When it comes to search engine optimization, there are a lot of common points no matter which optimizer you’re talking to. I don’t think there’s a single SEO out there worth the name that would disagree with the need for optimizing the page title and description, for example. It’s the first handshake in the SERPs, and you want to make sure it’s marketable, right? Right.
10 Tips on International SEO for SEOs
Just as there are specific additions when dealing with hyperlocal SEO, there are also specific considerations when you take your optimization strategies global.

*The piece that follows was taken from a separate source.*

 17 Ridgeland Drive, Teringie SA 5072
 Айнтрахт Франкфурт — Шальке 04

Some of them you’ll probably say, “well of course,” but you never know what you might come across that you hadn’t thought of.

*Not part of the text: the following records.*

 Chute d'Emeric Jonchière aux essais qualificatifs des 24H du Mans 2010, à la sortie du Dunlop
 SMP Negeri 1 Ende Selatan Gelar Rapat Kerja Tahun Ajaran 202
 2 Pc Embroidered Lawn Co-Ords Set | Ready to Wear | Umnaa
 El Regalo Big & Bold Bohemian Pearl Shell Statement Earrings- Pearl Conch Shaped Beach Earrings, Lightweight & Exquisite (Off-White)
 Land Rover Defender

1. Know your search engines.
If you’ve been an SEO for any length of time, you’re probably already aware that other search engines exist – at least in the way you might know that air exists. You breathe it, but kind of take it for granted. However, as shocking as it may sound, Google is not the top search engine in certain locations. When you’re targeting specific countries, you want to make sure you’re following the guidelines for their top search engine.
So, who are the top performers? Here are a few:
- United States: Google
- Russia: Yandex
- Korea: Naver
- China: Baidu
Just like Google and Bing in the States, each search engine has its standards for ranking. If you’re going to take your clients global, make sure you learn the target engines and how they rank.
Different countries have their own search engines. Make sure you learn what it takes to rank on your target country’s top SE.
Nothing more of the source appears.